A Milano invece si terrà dal 12 al 19 marzo la 24a edizione di Sguardi Altrove – International Women’s Film Festival anche questo con un’attesa anteprima inaugurale, Certain Women di Kelly Reichardt, che vanta un supercast femminile da Michelle Williams a Kristen Stewart, da Laura Dern all’attrice-rivelazione Lily Gladstone. Fra i piatti forti della rassegna la retrospettiva dei film di Maren Ade, la regista di Vi presento Toni Erdmann, in corsa all’ultimo Oscar, e il debutto milanese di The Love Witch di Anna Biller, l’horror-thriller che si rifà ai b-movie anni ’60 passato all’ultimo Torino Film Festival. Due le masterclass, con Irene Dionisio, regista di Sponde e Le ultime cose, e con la documentarista Rossella Schillaci (Libere, a breve in circolazione).
L’offerta di cinema altro non si limita però alle rassegne, più o meno tematiche. Meritano una segnalazioni anche alcuni film in uscita, come Mister Universo della bolzanina Tizza Covi e dell’austriaco Rainer Frimmel, già autori della Pivellina, che arriva in sala dopo una menzione speciale a altri premi conquistati all’ultimo Festival di Locarno: la mano gentile, attenta alle realtà marginali, dei due registi, si esercita qui a raccontare il mondo degli artisti di circo, in un singolare e serio, a tratti malinconico, mockumentary. Perché se il film non ha propriamente un passo documentario, anzi la coinvolgente storia del giovane domatore Tario in cerca del suo idolo, l’oggi 88enne Arthur Robin, negli anni ’50 primo Mister Universo di colore della storia, è piena di pathos, la scelta di far parlare e “agire” i personaggi reali, che “interpretano” se stessi senza “recitare”, crea un mix di realismo psicologico e pittura d’ambiente piuttosto originale.

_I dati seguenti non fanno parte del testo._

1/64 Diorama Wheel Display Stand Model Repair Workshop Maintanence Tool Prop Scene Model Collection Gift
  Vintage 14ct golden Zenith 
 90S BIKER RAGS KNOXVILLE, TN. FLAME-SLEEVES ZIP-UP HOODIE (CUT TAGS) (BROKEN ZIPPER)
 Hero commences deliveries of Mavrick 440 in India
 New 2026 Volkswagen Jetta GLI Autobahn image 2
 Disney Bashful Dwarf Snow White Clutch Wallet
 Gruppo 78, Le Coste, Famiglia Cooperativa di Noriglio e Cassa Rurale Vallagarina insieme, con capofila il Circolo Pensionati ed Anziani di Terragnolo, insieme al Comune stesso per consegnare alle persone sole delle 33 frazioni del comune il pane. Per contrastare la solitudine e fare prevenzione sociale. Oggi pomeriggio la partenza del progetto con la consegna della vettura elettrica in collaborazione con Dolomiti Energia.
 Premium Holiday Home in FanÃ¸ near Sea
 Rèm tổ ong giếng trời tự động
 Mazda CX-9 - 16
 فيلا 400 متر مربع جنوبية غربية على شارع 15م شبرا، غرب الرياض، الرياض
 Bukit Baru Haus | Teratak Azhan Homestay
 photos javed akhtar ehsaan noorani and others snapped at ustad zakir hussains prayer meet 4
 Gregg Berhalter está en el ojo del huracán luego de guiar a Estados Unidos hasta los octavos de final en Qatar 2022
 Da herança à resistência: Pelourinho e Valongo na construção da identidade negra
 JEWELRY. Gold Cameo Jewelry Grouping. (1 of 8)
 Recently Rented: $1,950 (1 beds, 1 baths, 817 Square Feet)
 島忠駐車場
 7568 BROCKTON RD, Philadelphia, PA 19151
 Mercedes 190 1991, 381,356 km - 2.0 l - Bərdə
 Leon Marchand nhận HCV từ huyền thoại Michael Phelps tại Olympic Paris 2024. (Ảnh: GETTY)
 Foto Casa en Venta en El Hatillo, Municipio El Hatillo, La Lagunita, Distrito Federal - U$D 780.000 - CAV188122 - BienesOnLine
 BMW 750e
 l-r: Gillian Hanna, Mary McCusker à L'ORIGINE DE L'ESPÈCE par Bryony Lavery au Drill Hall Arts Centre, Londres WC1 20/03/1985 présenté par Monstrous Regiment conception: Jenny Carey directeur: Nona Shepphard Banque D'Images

A dispetto della caratura decisamente mainstream dei due protagonisti è una incursione nell’indie, per lo spunto narrativo e più di un elemento di regia, anche Il padre d’Italia di Fabio Mollo, in cui la cronaca del frenetico incontro on the road, da Torino a Reggio Calabria (la città del regista) tra Isabella Ragonese e Luca Marinelli, cioè fra un uomo che ha paura della vita e una donna che vorrebbe viverla tutta insieme, si allarga a temi molto vasti, a volte pure troppo: la maternità in condizioni esistenziali, non solo materiali, precarie e la paternità, spesso problematica da gestire per chi sta in un mondo gay; l’ambiguità dei sentimenti e il futuro insieme come speranza e minaccia. Un film discontinuo sul piano registico e narrativo, sostenuto da una coppia di attori energetici, duttili, ben assortiti.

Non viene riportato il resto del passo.